Collaborative screwdriving is used in many industries. However, engineers must perform a thorough risk assessment and deploy proper safeguarding to ensure the safety of humans working around or with a cobot.
“Every company is different in how they determine what ‘collaborative’ means and how they set up in-house rules of engagement,” adds Jarrod Neff, marketing manager at Visumatic Industrial Products Inc.
“We have some customers that use cobots in conjunction with light curtains, safety guarding or area sensors that can detect human movement,” says Neff. “They want higher throughput, but simply don’t feel comfortable operating their machine at maximum speed.”

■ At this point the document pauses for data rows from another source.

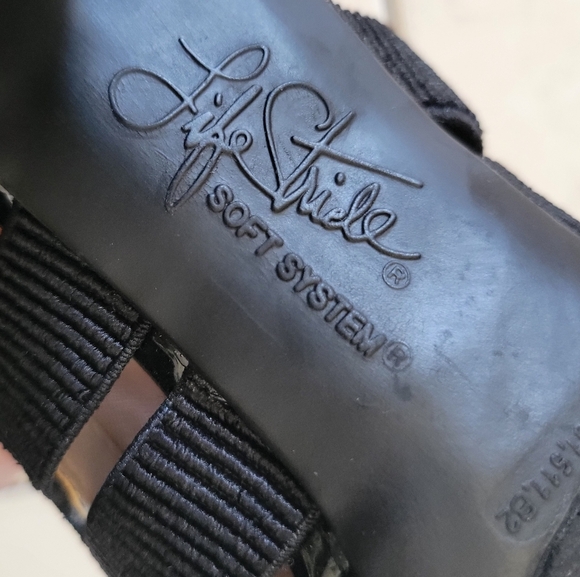 Black Heeled Sandals Shoes Cadenza Life Stride Sz.7.5 - Picture 5 of 12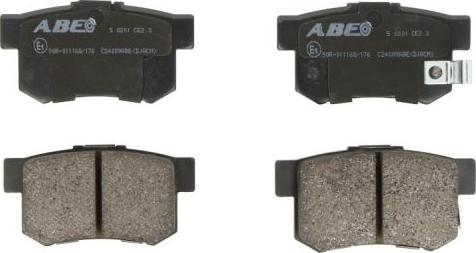 ABE C24009ABE - Brake Pad Set, disc brake car-mod.net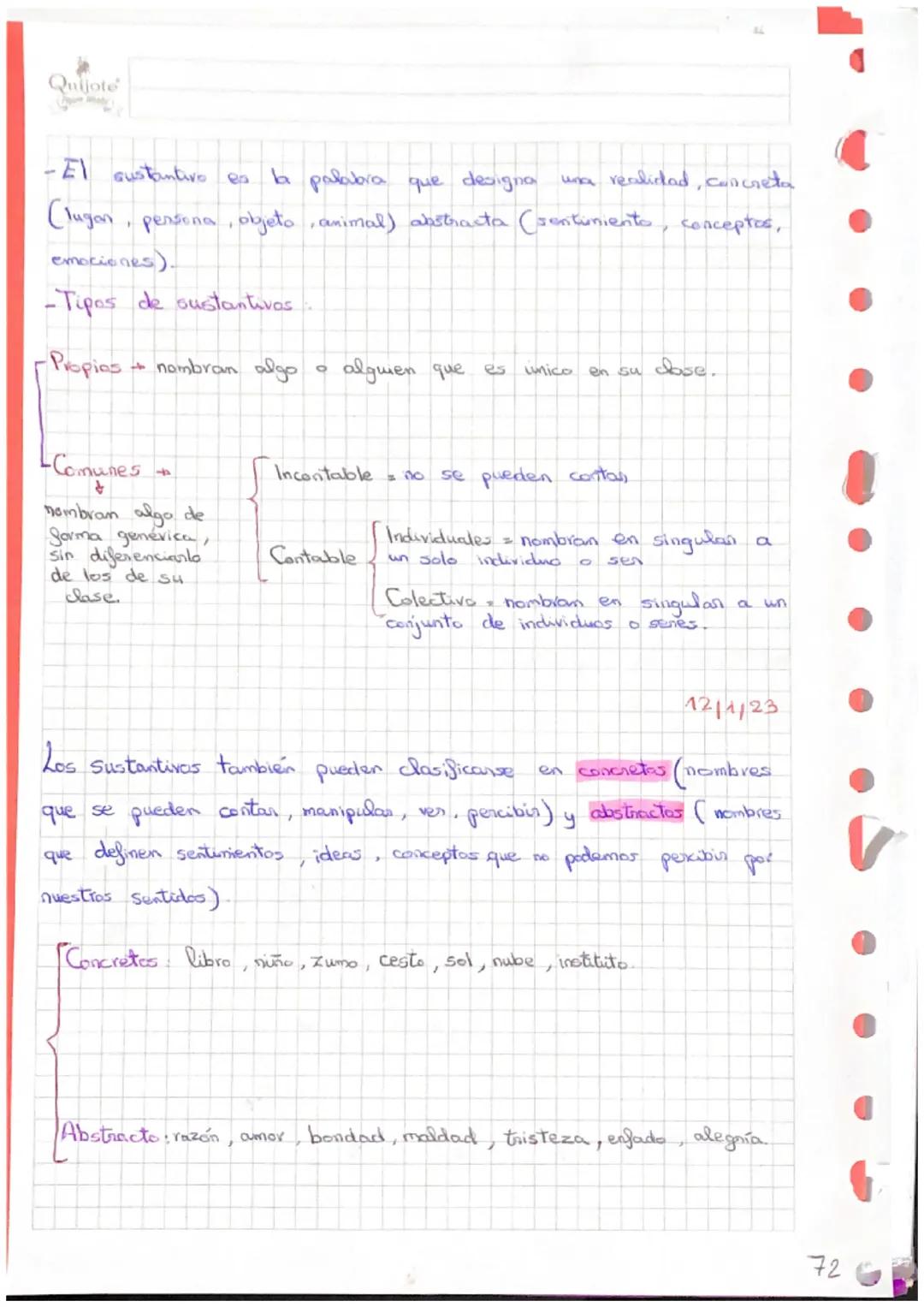 Tipos de Sustantivos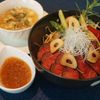 名古屋ユマニテク調理製菓専門学校 6月20日調理体験｜牛ロース肉のスタミナ“ステーキ丼”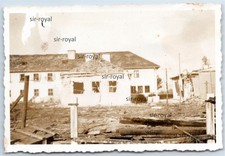 München 1942 - Kaserne Zerstörung nach Fliegerangriff - WK2 Foto 9x6cm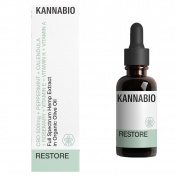 KannaBio Restore 5% Full Spectrum Hemp Extract Drops 500mg CBD + Εκχυλίσματα βοτάνων + Βιταμίνες 10ml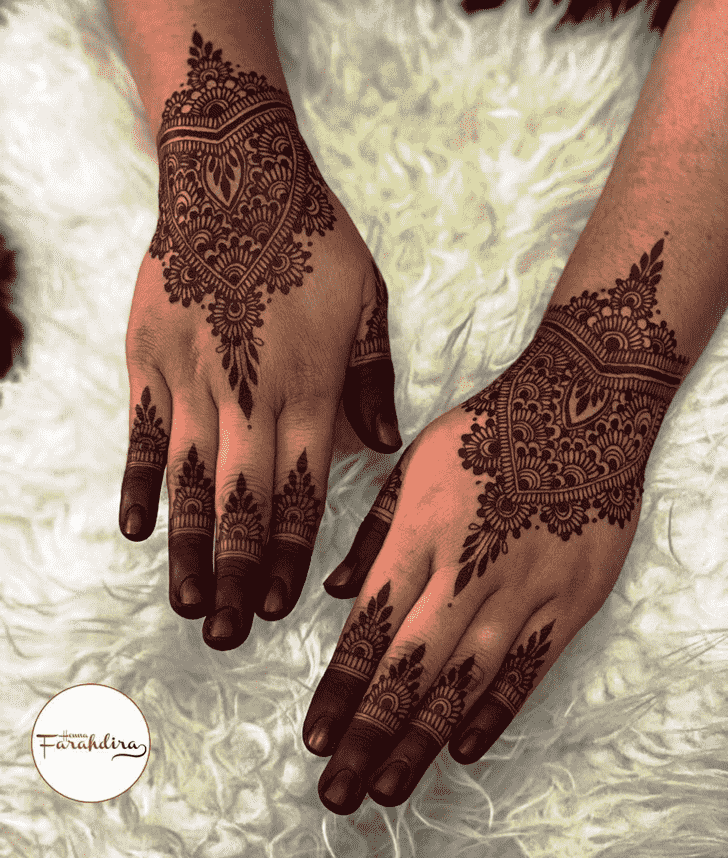 Dazzling Jodhpur Henna Design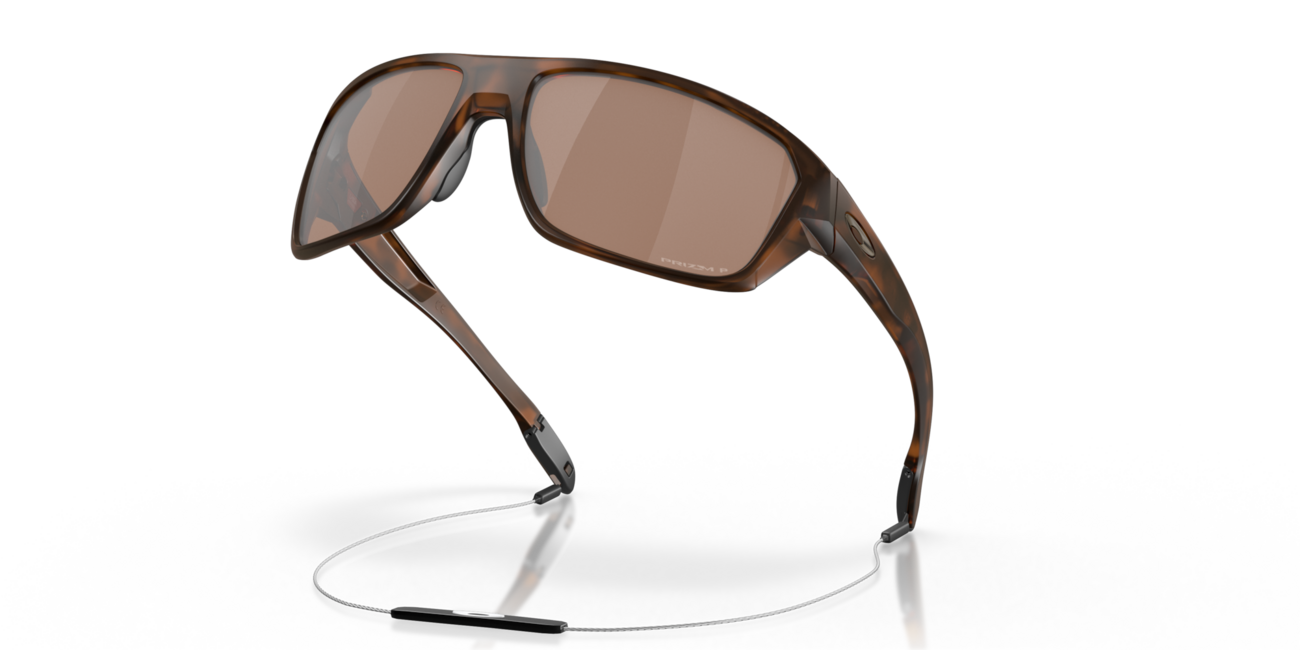 Oakley SPLIT SHOT сонячні окуляри з оправою matte brown tortoise та лінзами Prizm Tungsten Polarized, 64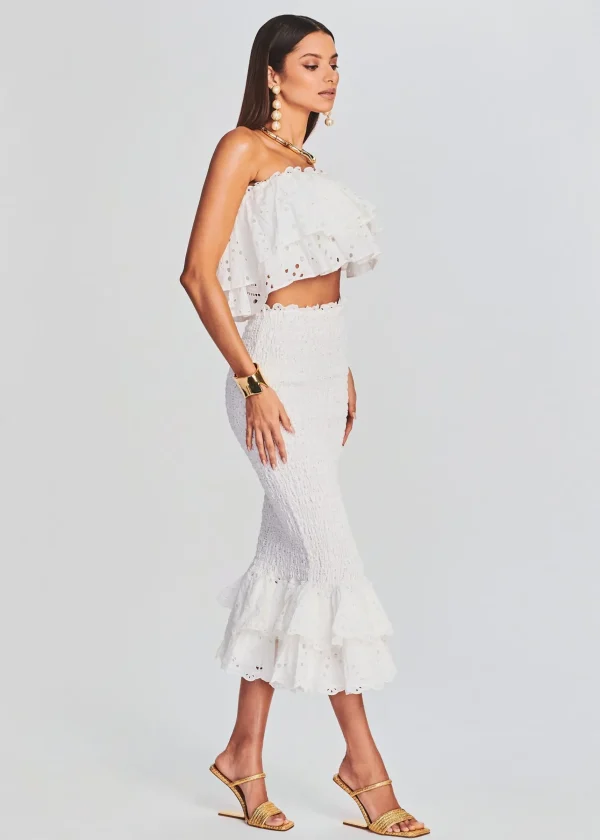 Bridal Shower*Retrofete Flamingo Top White Fruition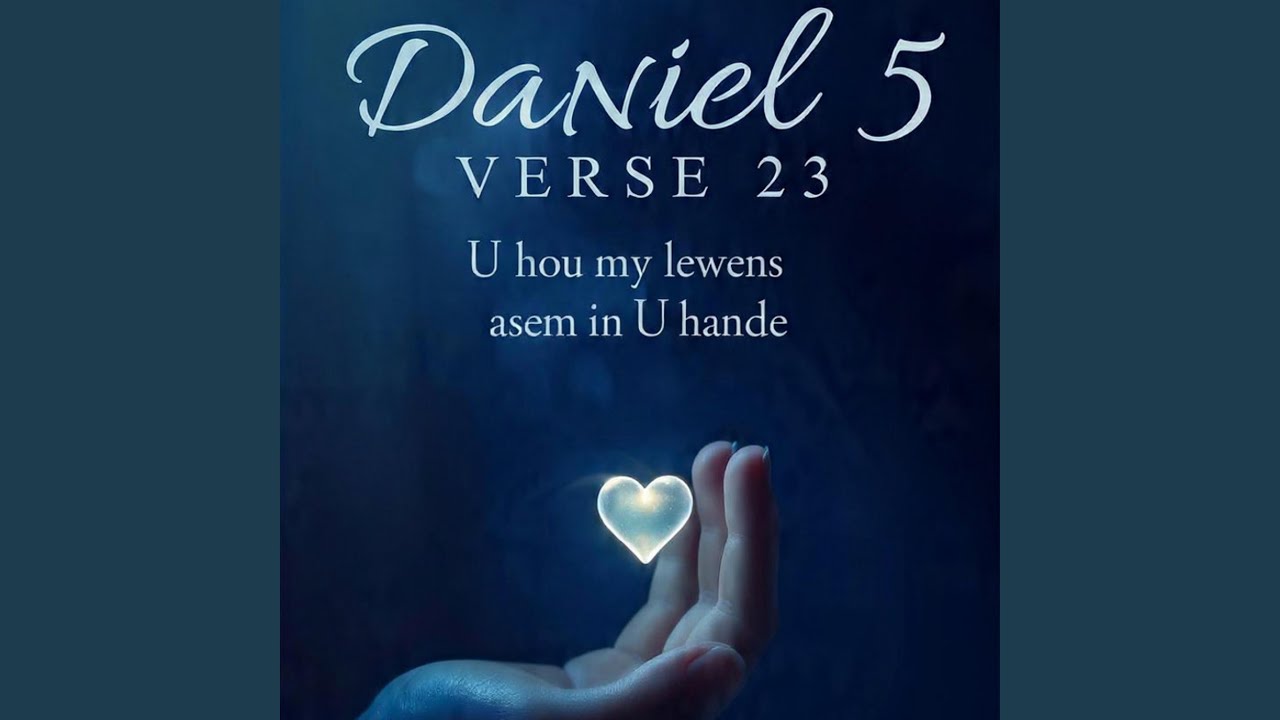 U hou my lewens asem in U hande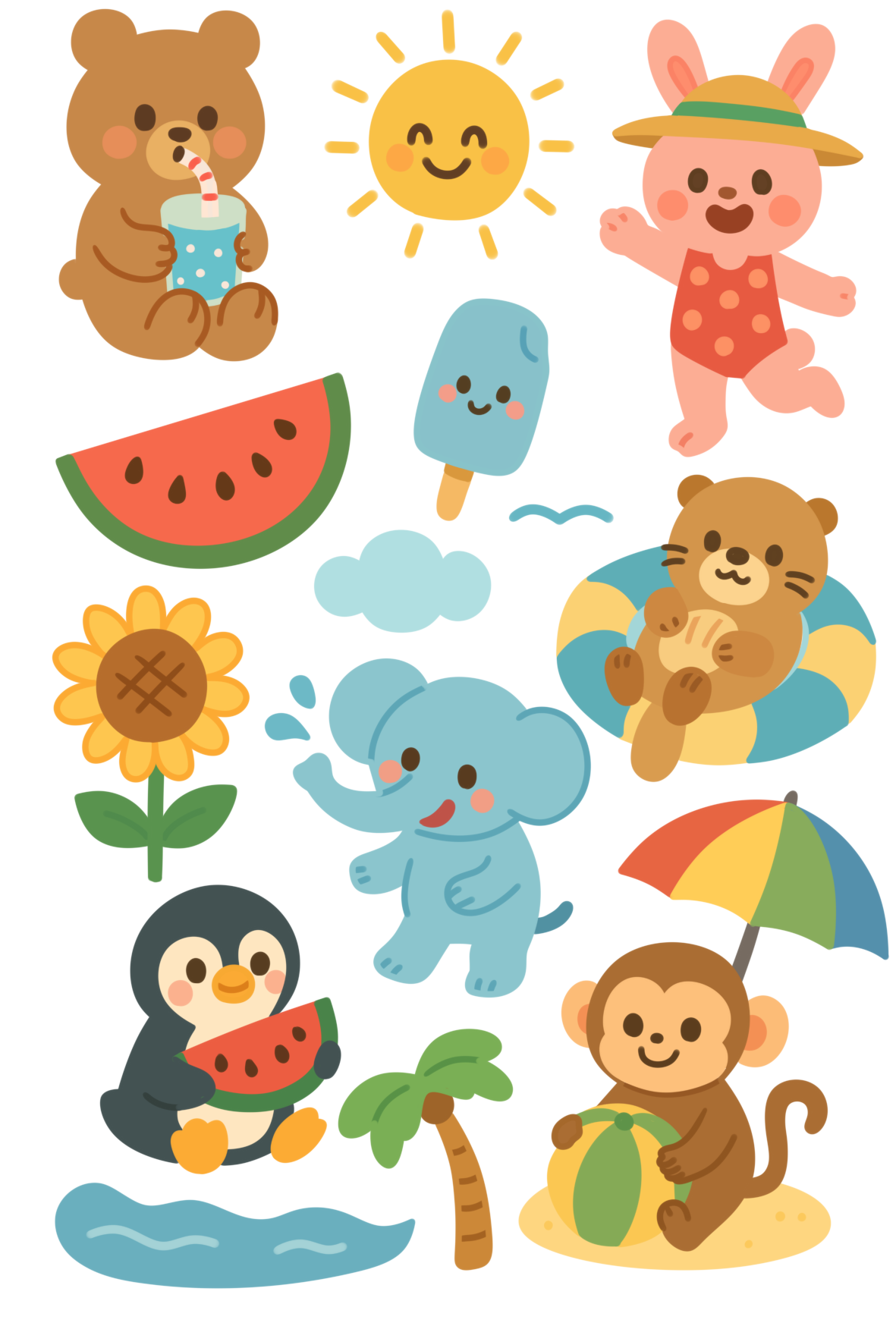 迷路の暑中見舞いはがき素材 無料ダウンロード・印刷ちびむすブログ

According to Neff, cobots are popular for driving small screws that range in size from M1 to M3. “Typically, screws with lengths up to 20 millimeters work best,” he points out.
“Cobot screwdriving requires slower movements, lower throughputs and lighter duty tooling on the end of arm,” claims Neff. “As a general rule of thumb, any application that requires a torque of 50-inch-pounds or less, should be OK to use with cobots,”
“[Using] safety-caged, fully automated [screwdriving] is typically expensive, complicated and maintenance intense,” adds Don Seay, general manager at ESTIC America Inc. “Engineers can now take a hybrid approach and consider which assembly processes are best served by an operator, and what processes could be performed by a torque tool integrated on a cobot working beside a human.
“Engineers need to consider what applications an operator can do better than a robot,” explains Seay. “Then, assign tasks to the machine that would make the human’s job easier. You might see humans do hand starts of screw, with cobots doing final tightening with a torque tool down the line. That allows cycle times for humans to be faster.”